Menurut Frans Hendra Wiarta, kebebasan
profesi advokat menjadi sangat penting artinya bagi masyarakat yang memerlukan
jasa hukum (legal services) dan
pembelaan (litigation) dari seorang
advokat. Masyarakat yang perlu dibela akan mendapat jasa hukum dari seorang
advokat independen yang membela semua kepentingan kliennya tanpa ragu-ragu.[10]
c.
Politik
Hukum Undang-Undang Nomor 18 Tahun 2003 Tentang Advokat
Hukum sebagai alat rekayasa sosial
merupakan fenomena yang menonjol pada masa kini. Pada masa tradisional, hukum
lebih merupakan pembadanan dari kaidah-kaidah sosial yang sudah tenteram di
dalam masyarakat. Dalam perkembangannya hingga saat ini, hukum telah menjadi
sarana yang sarat dengan keputusan politik.[11]
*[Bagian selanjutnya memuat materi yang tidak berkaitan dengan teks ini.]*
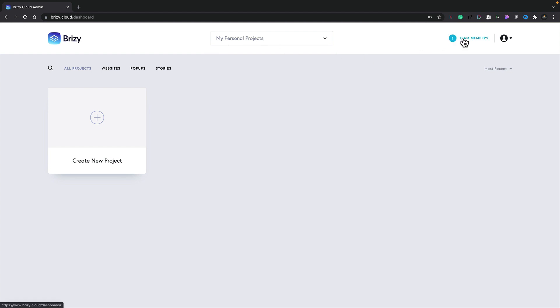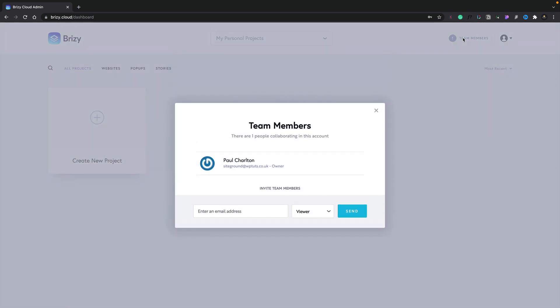Next, we have the team members. This will show us all of the team members, and we can invite additional team members to work on projects. Let's close that down for now.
Munculnya Undang-Undang No. 18 Tahun 2003 tentang Advokat merupakan implementasi
dari kekuasaan kehakiman.
Kekuasaan kehakiman yang bebas dari
segala campur tangan pengaruh dari luar, memerlukan profesi advokat. Hal ini
adalah bentuk sinergisitas profesi advokat yang bebas, mandiri dan bertanggung
jawab untuk terselenggaranya suatu peradilan yang jujur, adil, dan memiliki
kepastian hukum bagi semua pencari keadilan dalam menegakkan hukum, kebenaran,
keadilan, dan hak asasi manusia.
Pada awal kemerdekaan, organisasi
profesi advokat di Indonesia menganut multi bar association system. Hal ini
ditandai dengan terbentuknya beberapa profesi advokat, dimulai dengan
terbentuknya Persatuan Advokat Indonesia (PAI) pada tanggal 14 Maret 1963 yang
kemudian digantikan oleh Persatuan Advoat Indonesia (PERADIN) pada tanggal 30
Agustus 1964.
Profesi advokat yang bebas, mandiri dan
bertanggung jawab dalam menegakkan hukum perlu dijamin dan dilindungi oleh
undang-undang demi terselenggaranya supermasi hukum.Kebebasan advokat juga telah diakui secara universal. Dalam Resolusi Konggres PBB tahun 1985
dinyatakan dengan tegas bahwa asas kebebasan advokat merupakan syarat mutlak
sebagai komponen atau bagian yang tidak terspisahkan dari kebebasan peradilan.[12]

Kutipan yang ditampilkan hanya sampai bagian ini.